Какой-то общей теоретической концепции у нас не было. Устав никто толком даже не помнил, к нему относились как к чистой формальности. «Роза мира» не являлась нашей Главной Книгой, как и ни одна другая книга или учение не были для нас главными. Мы были Сами По Себе.
Единственное, пожалуй, что у нас декларировалось вслух – это Любовь. В. всегда с удовольствием рассуждал о Любви. Бог есть Любовь. Любовь есть объединяющая, цементирующая сила мироздания. Не любить легко, а любить трудно – давайте любить друг друга. Мы любим друг друга, и это главное. В «меморандуме», подготовленном им для интернета, значилось «создание школ, в которых ученики будут учиться любить друг друга на практике» (к счастью, мы вовремя заметили это весьма двусмысленное выражение). И еще – из поучений В., которые он мне выдал, когда узнал, что я посещаю интернетовский форум и принимаю участие в дискуссиях (с его точки зрения, это исключительно вредное занятие, и он всячески меня убеждал оставить его): Надо ЛЮБИТЬ, а не дискутировать!
Поэтому и в обществе у нас главным считалась Любовь. Друг к другу. Нет, не в пошлом смысле, разумеется. В самом высоком. Любовь – это значило никогда не говорить ничего дурного («не распространять негатив» – типичное выражение), ничего и никого не отрицать, никогда не спорить (спор, дискуссия – это нарушение принципа Любви). У нас проводились «литературно-музыкальные» вечера, и на них часто, наряду с действительно интересными выступлениями Н., семьи В., выступали доморощенные поэты с неграмотными стихами, безголосые певцы, у которых нельзя было ни слова понять – но все очень терпеливо слушали. Ведь показать даже, что слушать это скучно – это нарушение принципа Любви. В информационных письмах разрешалось писать только положительную информацию (негатив не нужен!) Любимый критерий оценки: в твоем романе я не почувствовала Любви. В этом письме не было Любви.

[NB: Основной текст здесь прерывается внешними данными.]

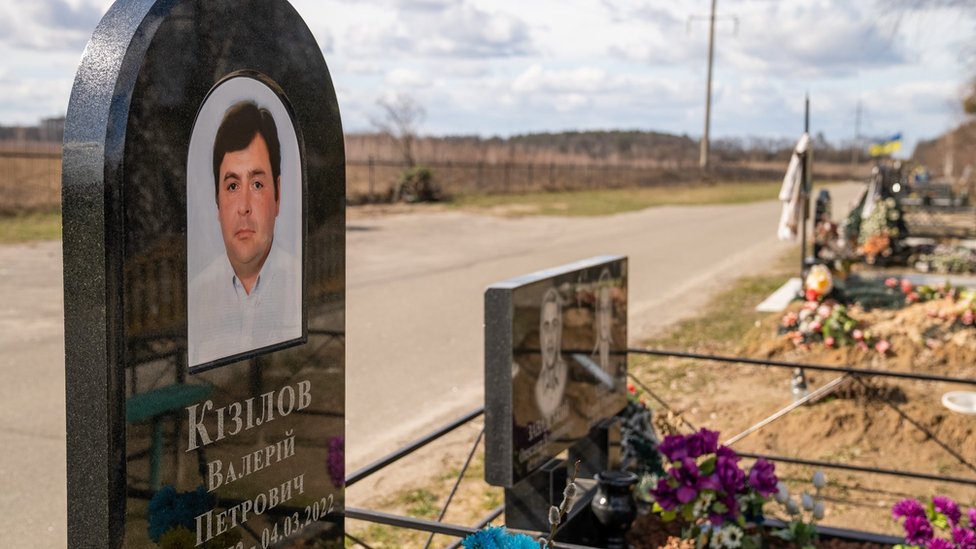 Grave of Valeriy Kizilov in Bucha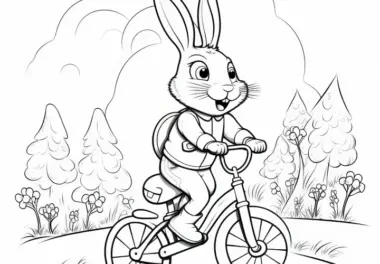 Osterhase auf Fahrrad in Baumlandschaft: Malvorlage zum Download (Gratis)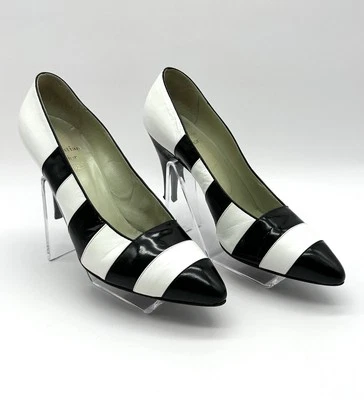 Vintage Christian Dior Pumps Black & White Leather 60's Euro Size 39 US Size 8.5 - Image 1 of 4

Правда, как мы увидим позже, кое-кого все же приходилось, так сказать, осаживать. Но при этом принцип Любви вполне можно было не нарушать.

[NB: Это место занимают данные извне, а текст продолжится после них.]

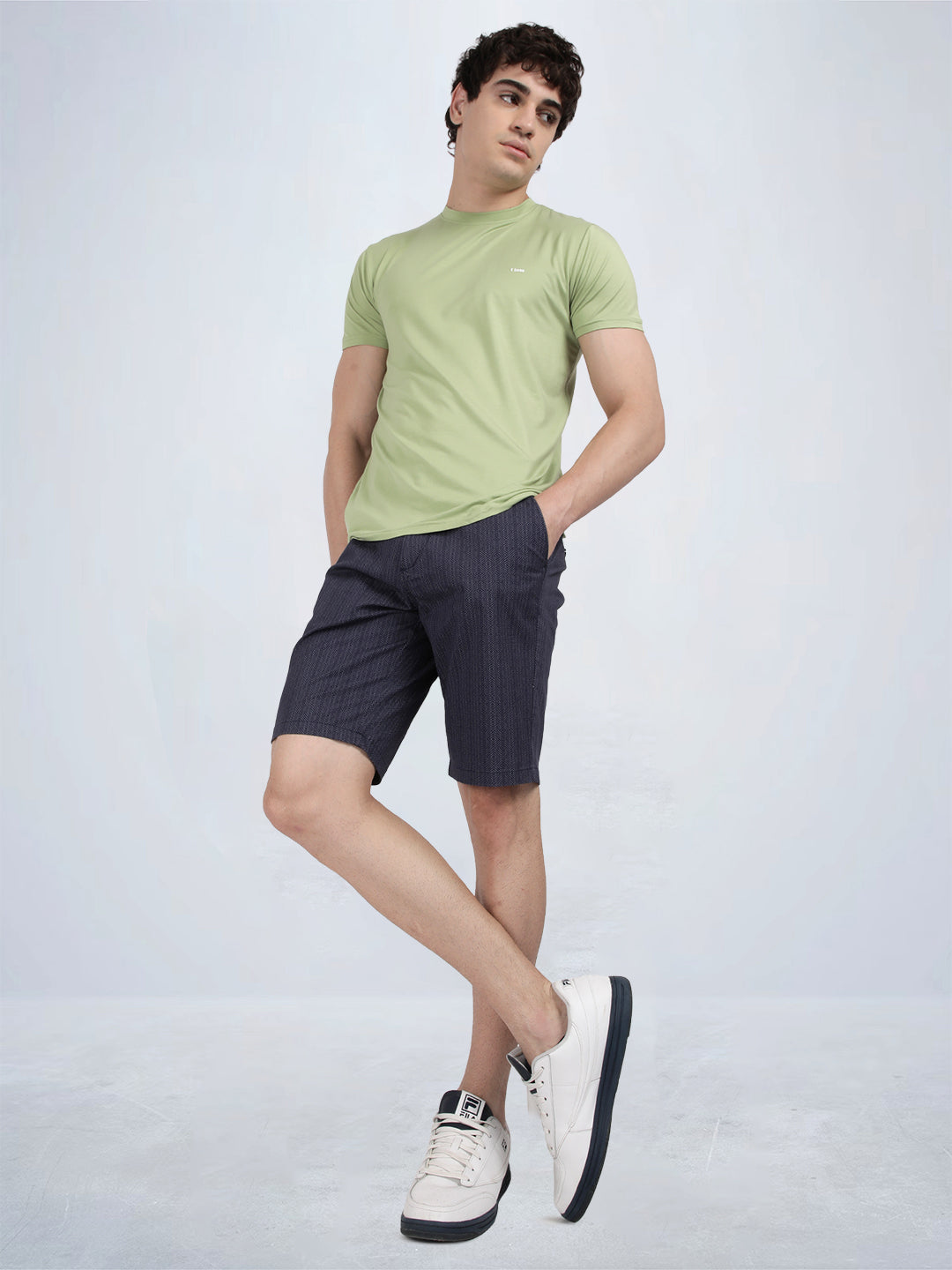 Tbase Men’s Navy Printed Casual Shorts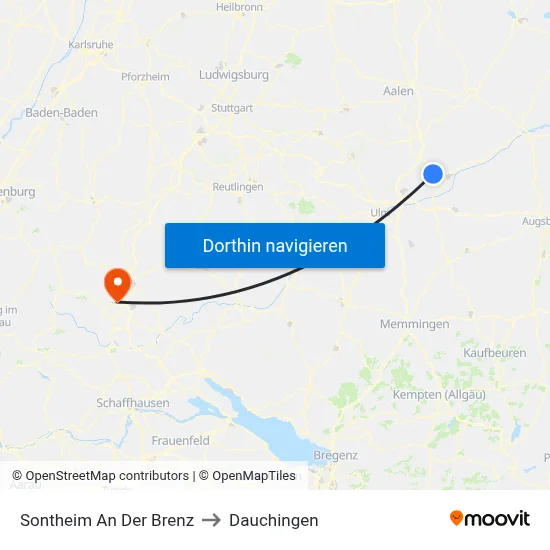 Sontheim An Der Brenz to Dauchingen map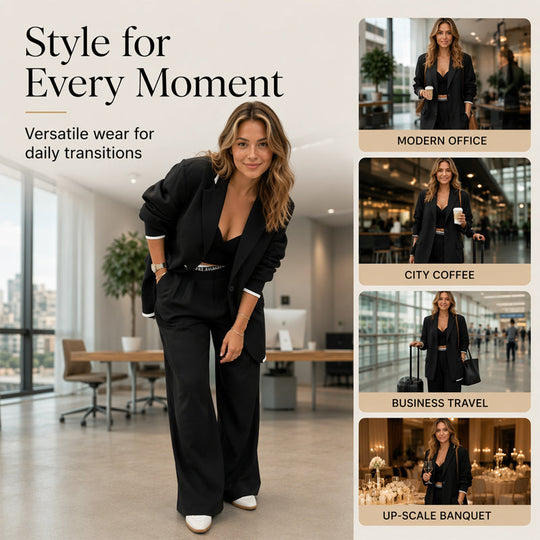 ✨🛍️Fresh Drop - Blazer &amp; Wide-Leg Pant Suit – Clean Lines &amp; Breezy Comfort for Confident All-Day Wear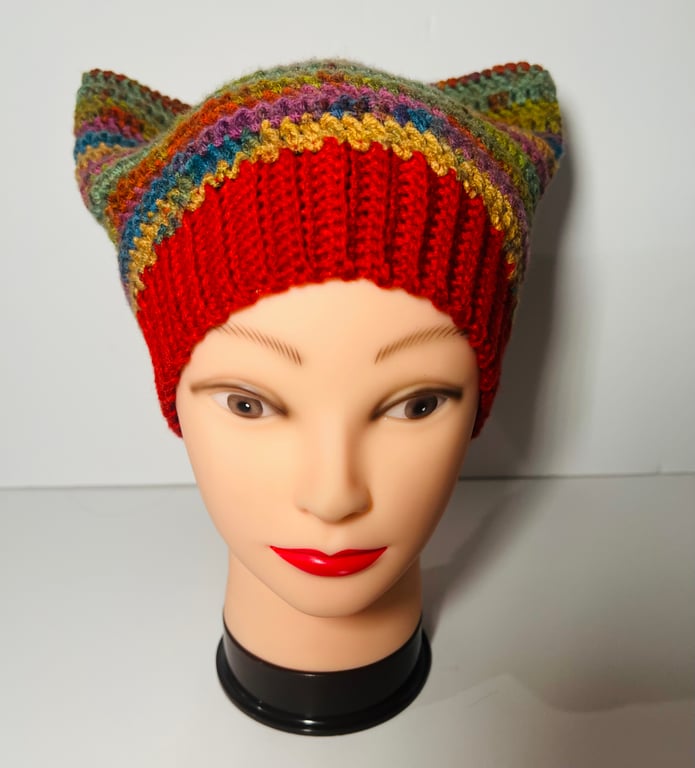 Cat Ear Beanie Hat Crochet  Autumn Colours Brown Green Orange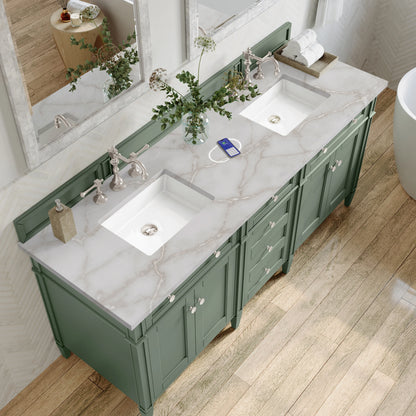 Brittany 72" Double Vanity, Smokey Celadon w/ 3 CM Victorian Silver Top w/FreePower Wireless Charger, view 9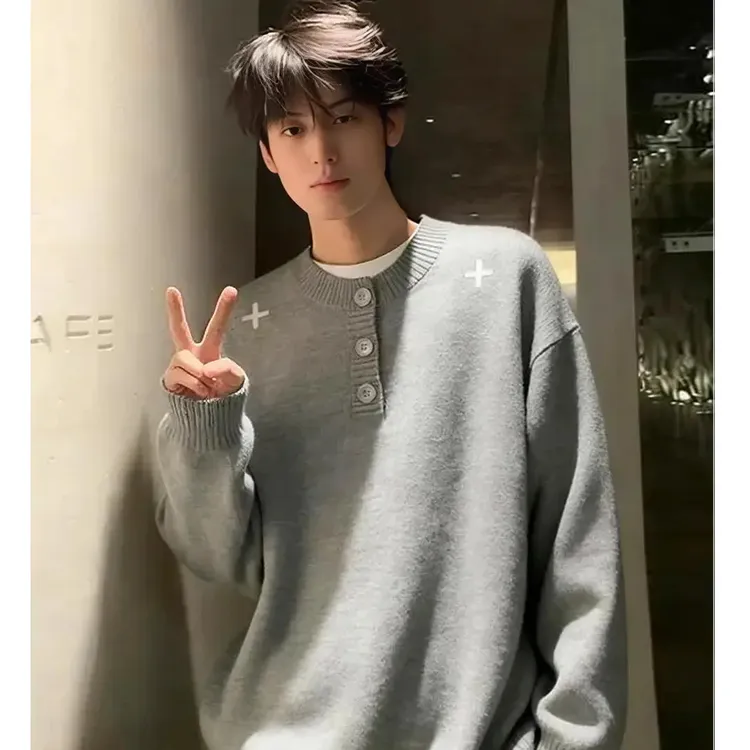 亨利领毛衣男女秋冬季加厚美式cleanfit厚实针织衫内搭打底可外穿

(Кстати, love bombing – один из характерных признаков тоталитарной секты).
У меня стало созревать ощущение, что в обществе что-то не так. Именно то, что мы, такие горящие жаждой деятельности, вынуждены жить серой личной жизнью от собрания до собрания. Конечно, все мы живем в разных концах Германии, но неужели нельзя как-то нас организовать, чтобы мы все могли принимать участие в Великом Деле? Чтобы мы не cуществовали, как обыватели, а жили яркой, наполненной, интересной духовной жизнью.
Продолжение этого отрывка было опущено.